Many of us hold unrealistic fairytale expectations about marriage which result in disappointment with a spouse or with the institution of marriage itself. Both were true for me when single. Now happily married for 30 years, I still now and then need to remember that I live in a real world, not a make-believe one.

Like many adults whose parents divorced while they were growing up, I was conflicted about marrying. Cinderella found her perfect prince, as did just about all the heroines of romantic novels and movies.

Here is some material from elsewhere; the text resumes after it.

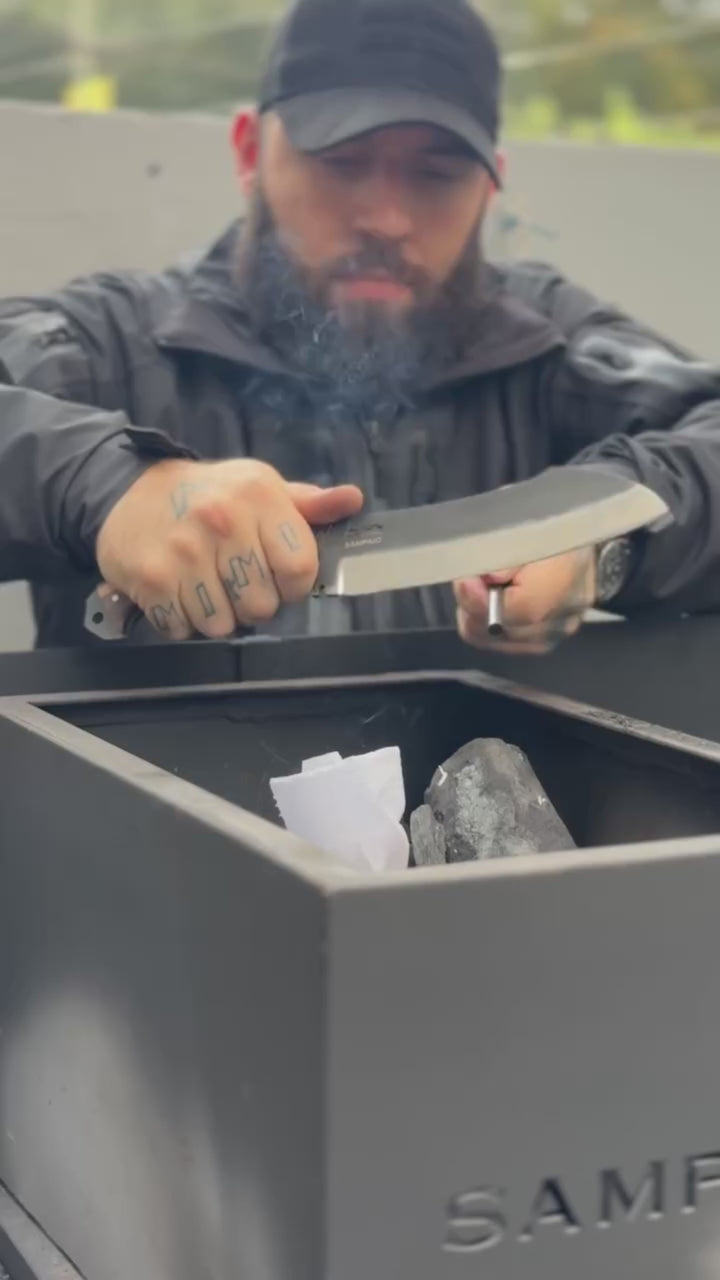 Pederneira da Faca Sampaio acendendo o fogo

So why shouldn’t I expect to find mine and then live effortlessly happily ever?

Why shouldn’t I? Like most children, I trusted that my parents would stay together, I was thirteen when they divorced.   

While dating different men, I think my unconscious was keeping me safe from experiencing something similar. My pattern was to reject any man once an imperfection surfaced, and I excelled in finding imperfections. My prince was out there somewhere; he just hadn’t found me yet.

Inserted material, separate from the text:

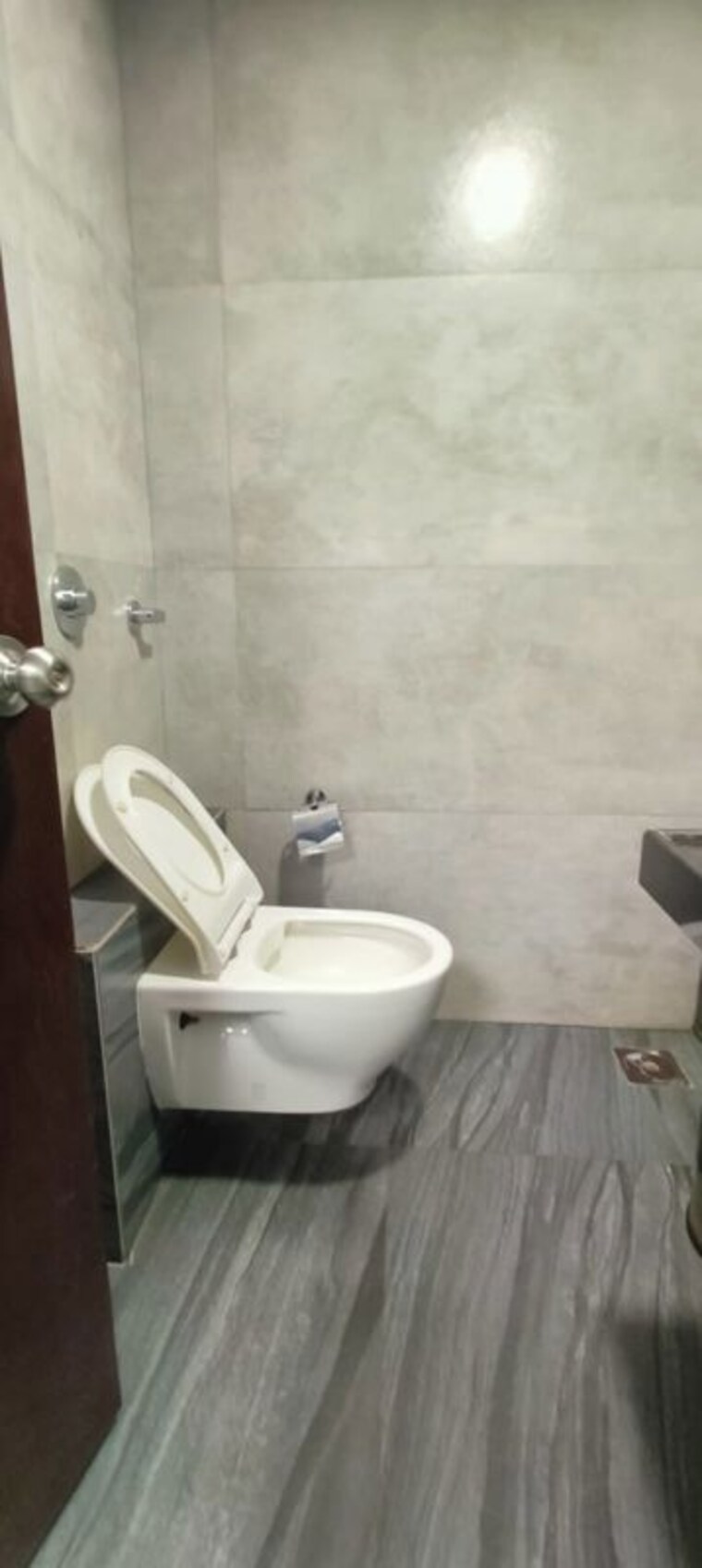 Bathroom, padwal nagar Commercial Office Space 1465 Sq.Ft. In Padwal Nagar Thane 10424448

A happily married co-worker told me when we were both in our twenties: “You don’t marry a prince. You make him one.” Great advice, though it took me a very long time to implement it.

Over the years, I found many other marriage mentors among friends, clients and others, including rabbis.

Advice from Three Rabbis

I was newly married when I heard that Rabbi Moses Ben Maimon Maimonides, a renowned twelfth century physician and sage, stated that a wife should treat her husband like a king.

What? I thought, my feminist hackles raised when I heard this advice at a lecture. Some other women present had a similar response — until the speaker added that Maimonides also said that a husband should treat his wife like a queen.

Okay, this was sounding better, but how does it happen?

Manis Friedman, a contemporary rabbi who lectures about marriage around the world, gives an example of how a couple can argue while treating each other like royalty. What if one wants to sleep with the window open and the other wants it closed? The argument goes like this: each spouse insists that the window be positioned the way the other wants it.

Rabbi Joseph Richards, a younger contemporary, provides an offbeat way to treat a partner like royalty when he quips: “People are annoying, so find the person who annoys you the least and marry that one.” If we remember that we’re not always a picnic to live with, we can take minor annoyances in stride, or at least not blow them up into catastrophes.

A Board Member’s Wisdom

Another one of my marriage mentors, “Mindi,” was a board member of the family service agency where I served as executive director. Both in our thirties, she was happily married with two young children and I was still single. She knew I wanted to marry. She told me, “I’m not in love with my husband. I’m very fond of him.”

“Not in love!” That sure was different from my version of a good marriage. I fell crazy-in-love sometimes, with the emphasis on crazy, because I would lose my grounding and because such relationships are not reality-based or lasting.

Fondness was a new concept. I think Mindi loved her husband as a real person with strengths and imperfections. She wasn’t crazy about him every second, because that’s an impossible state to maintain, and not a desirable one,  

I am grateful for my marriage mentors. Crazy-in-love is a fantasy, but “in love” can be a reality. As Mignon McLaughlin says. “A successful marriage requires falling in love many times … always with the same person.” Fondness needs to be there for this to happen, as does the kind of thoughtfulness that fosters it, which is what happens when we respect each other’s wishes and needs, as though they were royalty.

I hadn’t seen Mindi for a long time when our paths crossed at a celebratory occasion for the agency we had both served. I was married and a mother. When I introduced Mindi to my husband, she smiled and said, “I see you’ve found your prince.”